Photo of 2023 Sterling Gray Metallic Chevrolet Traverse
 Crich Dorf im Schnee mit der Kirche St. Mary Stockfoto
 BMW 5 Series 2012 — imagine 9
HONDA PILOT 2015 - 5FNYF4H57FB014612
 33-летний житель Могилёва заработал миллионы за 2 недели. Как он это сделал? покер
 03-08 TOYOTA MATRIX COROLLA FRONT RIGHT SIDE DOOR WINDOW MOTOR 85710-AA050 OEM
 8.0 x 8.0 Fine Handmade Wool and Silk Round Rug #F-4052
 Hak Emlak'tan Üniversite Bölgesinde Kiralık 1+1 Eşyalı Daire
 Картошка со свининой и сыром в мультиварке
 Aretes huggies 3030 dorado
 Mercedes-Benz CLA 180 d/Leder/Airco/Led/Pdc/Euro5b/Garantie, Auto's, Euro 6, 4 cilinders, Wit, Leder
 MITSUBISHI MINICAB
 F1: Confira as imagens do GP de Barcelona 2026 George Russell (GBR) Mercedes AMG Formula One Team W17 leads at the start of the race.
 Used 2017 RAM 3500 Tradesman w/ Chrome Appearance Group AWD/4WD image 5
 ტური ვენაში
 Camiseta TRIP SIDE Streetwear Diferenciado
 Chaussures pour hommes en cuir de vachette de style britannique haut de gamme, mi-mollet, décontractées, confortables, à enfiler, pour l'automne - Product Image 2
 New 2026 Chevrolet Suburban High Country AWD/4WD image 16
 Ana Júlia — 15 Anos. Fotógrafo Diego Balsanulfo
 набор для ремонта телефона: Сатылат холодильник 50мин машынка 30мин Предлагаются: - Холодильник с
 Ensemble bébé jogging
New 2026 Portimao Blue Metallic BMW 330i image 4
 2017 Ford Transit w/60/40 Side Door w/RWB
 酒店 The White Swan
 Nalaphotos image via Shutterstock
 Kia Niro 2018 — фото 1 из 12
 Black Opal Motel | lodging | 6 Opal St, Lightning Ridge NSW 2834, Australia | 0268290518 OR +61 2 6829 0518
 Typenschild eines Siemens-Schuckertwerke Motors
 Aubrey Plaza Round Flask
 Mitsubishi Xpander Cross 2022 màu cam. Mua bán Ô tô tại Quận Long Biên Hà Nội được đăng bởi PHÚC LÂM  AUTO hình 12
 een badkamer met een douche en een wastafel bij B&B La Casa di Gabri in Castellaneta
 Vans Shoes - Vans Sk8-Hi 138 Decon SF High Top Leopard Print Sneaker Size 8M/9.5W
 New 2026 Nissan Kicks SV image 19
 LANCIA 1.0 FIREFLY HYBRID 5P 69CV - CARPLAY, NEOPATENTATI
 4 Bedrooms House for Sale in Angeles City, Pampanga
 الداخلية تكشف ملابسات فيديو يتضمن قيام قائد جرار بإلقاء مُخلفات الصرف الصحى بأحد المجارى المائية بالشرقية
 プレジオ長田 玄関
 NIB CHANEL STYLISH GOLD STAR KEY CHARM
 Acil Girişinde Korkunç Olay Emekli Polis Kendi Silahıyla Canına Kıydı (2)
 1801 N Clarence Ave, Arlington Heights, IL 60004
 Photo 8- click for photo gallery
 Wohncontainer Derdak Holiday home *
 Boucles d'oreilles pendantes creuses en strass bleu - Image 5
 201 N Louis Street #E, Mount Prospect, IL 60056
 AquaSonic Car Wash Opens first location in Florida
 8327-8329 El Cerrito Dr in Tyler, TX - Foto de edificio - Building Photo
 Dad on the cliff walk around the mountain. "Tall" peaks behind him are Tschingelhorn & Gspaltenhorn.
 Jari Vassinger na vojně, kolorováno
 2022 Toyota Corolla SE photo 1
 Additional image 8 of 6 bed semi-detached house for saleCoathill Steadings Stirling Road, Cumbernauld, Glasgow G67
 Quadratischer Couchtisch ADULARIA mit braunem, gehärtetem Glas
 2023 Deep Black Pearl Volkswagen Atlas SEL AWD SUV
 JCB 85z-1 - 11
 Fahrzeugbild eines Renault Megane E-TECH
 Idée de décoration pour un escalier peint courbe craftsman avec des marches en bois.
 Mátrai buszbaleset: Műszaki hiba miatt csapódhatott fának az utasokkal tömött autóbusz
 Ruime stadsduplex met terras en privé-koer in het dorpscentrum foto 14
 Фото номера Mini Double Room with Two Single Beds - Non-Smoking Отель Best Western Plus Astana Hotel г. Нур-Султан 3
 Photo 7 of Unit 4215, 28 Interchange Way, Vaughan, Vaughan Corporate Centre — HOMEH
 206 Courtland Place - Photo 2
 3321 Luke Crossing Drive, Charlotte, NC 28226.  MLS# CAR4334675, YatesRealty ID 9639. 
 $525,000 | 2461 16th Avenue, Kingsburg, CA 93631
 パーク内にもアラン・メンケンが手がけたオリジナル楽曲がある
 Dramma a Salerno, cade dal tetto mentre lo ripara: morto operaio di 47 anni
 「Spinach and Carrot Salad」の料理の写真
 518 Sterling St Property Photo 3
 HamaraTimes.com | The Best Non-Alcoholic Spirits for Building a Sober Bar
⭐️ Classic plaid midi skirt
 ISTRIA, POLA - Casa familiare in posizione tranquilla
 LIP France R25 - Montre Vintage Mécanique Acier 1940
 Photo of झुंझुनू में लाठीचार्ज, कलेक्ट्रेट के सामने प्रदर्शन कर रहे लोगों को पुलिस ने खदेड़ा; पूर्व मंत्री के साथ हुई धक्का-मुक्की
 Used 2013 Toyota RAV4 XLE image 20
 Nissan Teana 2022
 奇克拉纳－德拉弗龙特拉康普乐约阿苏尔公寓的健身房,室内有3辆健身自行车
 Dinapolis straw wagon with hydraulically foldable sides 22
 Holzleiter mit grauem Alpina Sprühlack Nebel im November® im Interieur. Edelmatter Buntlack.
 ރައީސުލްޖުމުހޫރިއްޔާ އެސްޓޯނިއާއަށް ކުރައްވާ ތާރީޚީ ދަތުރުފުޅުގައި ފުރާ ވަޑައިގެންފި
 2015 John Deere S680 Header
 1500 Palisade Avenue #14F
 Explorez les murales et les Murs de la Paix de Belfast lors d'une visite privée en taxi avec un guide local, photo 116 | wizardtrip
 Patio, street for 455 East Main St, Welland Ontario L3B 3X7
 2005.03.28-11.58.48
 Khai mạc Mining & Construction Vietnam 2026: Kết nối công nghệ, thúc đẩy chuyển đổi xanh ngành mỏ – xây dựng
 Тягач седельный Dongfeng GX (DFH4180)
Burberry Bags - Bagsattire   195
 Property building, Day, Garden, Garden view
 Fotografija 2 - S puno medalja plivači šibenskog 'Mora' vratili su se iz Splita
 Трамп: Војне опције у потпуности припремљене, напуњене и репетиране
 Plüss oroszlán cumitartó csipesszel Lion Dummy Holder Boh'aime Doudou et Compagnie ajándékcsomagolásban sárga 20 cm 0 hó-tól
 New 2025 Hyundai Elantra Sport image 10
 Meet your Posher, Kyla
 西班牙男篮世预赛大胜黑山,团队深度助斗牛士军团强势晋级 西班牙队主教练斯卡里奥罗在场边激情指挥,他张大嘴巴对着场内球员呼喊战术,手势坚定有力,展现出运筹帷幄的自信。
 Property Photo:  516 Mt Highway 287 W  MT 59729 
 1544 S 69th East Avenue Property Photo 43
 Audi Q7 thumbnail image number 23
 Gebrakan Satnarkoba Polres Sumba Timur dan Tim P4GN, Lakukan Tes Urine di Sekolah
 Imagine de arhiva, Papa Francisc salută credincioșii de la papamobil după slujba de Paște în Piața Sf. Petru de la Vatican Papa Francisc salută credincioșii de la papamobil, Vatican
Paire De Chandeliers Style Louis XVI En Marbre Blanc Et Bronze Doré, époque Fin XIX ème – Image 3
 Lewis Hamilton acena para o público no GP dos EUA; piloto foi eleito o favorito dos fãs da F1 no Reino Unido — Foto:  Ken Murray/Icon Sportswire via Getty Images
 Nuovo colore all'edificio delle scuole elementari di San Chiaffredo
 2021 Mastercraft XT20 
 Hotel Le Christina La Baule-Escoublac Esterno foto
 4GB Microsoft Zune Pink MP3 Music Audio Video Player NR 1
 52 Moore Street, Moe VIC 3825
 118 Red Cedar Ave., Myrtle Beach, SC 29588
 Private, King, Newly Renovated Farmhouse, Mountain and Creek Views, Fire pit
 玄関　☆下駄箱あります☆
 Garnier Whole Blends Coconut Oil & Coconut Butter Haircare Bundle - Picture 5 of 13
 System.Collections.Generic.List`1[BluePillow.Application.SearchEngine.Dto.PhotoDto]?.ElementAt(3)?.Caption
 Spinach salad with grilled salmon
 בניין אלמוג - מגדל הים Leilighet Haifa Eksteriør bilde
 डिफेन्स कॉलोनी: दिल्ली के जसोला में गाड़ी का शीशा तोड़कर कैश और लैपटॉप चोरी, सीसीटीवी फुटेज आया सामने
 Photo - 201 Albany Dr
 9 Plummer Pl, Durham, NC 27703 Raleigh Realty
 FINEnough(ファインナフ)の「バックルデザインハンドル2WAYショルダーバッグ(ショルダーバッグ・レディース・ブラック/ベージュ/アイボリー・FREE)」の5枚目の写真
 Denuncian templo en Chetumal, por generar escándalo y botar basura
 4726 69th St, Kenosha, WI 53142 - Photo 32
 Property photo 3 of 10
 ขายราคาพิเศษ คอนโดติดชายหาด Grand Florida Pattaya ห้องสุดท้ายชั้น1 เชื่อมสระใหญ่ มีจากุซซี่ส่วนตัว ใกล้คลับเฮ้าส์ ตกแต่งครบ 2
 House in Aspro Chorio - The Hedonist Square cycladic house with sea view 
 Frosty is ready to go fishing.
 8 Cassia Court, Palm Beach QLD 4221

* **Task brief**:
Only one stretch of the data above is needed. Restate it word for word, from the line containing "Ana Júlia —" through the line containing "酒店 The White Swan", both ends included.

* **Response area**:
 Ana Júlia — 15 Anos. Fotógrafo Diego Balsanulfo
 набор для ремонта телефона: Сатылат холодильник 50мин машынка 30мин Предлагаются: - Холодильник с
 Ensemble bébé jogging
New 2026 Portimao Blue Metallic BMW 330i image 4
 2017 Ford Transit w/60/40 Side Door w/RWB
 酒店 The White Swan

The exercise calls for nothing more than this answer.